Checkpoint and Flush: What Your Database Does Before It Can Rest

A checkpoint is not a pause — it is the database settling its accounts. Everything written to the buffer cache since the last checkpoint must be flushed to disk so that crash recovery has a known starting point. Getting checkpoint timing wrong turns a 30-second restart into a 20-minute recovery.

Situation

PostgreSQL and most other ACID databases use checkpoints to bound crash recovery time. Between checkpoints, the database accumulates dirty pages in the buffer cache — pages that have been modified in memory but not yet written to their data files on disk. At a checkpoint, all dirty pages are flushed.

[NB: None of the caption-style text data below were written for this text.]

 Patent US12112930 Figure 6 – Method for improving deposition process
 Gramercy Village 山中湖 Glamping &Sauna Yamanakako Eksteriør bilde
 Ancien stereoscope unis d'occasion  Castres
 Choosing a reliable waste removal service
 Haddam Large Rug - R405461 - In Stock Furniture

After a crash, the database only needs to replay WAL records that were written after the last successful checkpoint. If checkpoints are frequent, less WAL needs to be replayed. If checkpoints are infrequent, recovery takes longer.

The Problem

Engineers often observe I/O spikes on their database hosts that correlate with checkpoint activity and assume something is wrong. The database is not misbehaving — it is doing its job. But poorly tuned checkpoints create two distinct problems: if too frequent, the database constantly flushes dirty pages and saturates I/O; if too infrequent, crash recovery takes too long and dirty pages accumulate in the buffer cache past useful limits.

What is actually happening during a checkpoint, and what parameters control it?

What a Checkpoint Does

When PostgreSQL triggers a checkpoint, it:

Records the current WAL position as the checkpoint LSN.
Identifies all dirty pages in the shared buffer cache.
Writes those pages to their data files on disk, spread across the checkpoint interval.
Flushes the WAL up to the checkpoint LSN.
Updates pg_control to record the checkpoint as complete.

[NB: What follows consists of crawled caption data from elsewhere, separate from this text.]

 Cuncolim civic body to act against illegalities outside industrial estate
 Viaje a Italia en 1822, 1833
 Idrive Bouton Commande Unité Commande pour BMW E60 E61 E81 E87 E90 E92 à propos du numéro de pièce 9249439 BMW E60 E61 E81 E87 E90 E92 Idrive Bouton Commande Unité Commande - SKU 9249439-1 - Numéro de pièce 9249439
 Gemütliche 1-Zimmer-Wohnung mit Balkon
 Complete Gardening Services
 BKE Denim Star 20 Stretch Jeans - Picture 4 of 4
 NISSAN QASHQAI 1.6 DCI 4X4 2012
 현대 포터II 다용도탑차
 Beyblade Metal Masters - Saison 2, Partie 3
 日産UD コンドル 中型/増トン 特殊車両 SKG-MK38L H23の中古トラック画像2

The spreading is controlled by checkpoint_completion_target (default: 0.9), which tells PostgreSQL to spread dirty page writes over 90% of the checkpoint interval. This prevents a large I/O burst at the start of each checkpoint.

-- See checkpoint activity since last restart
SELECT checkpoints_timed, checkpoints_req,
       buffers_checkpoint, buffers_clean, buffers_backend,
       checkpoint_write_time, checkpoint_sync_time
FROM pg_stat_bgwriter;

-- checkpoints_req being high means checkpoints are being forced by WAL volume,
-- not by time — usually means max_wal_size is too small

checkpoints_req being significantly higher than checkpoints_timed is a signal that max_wal_size is too small and the database is triggering emergency checkpoints to prevent WAL from exceeding the limit.

In Practice

PostgreSQL’s documented guidance is that checkpoint_timeout should be long enough that checkpoint I/O does not saturate the storage system, but short enough that recovery after a crash completes within the acceptable window. The relationship: worst-case recovery time ≈ checkpoint_timeout × write throughput. For a database writing 500MB/min of WAL with a 10-minute checkpoint timeout, recovery could replay up to 5GB of WAL.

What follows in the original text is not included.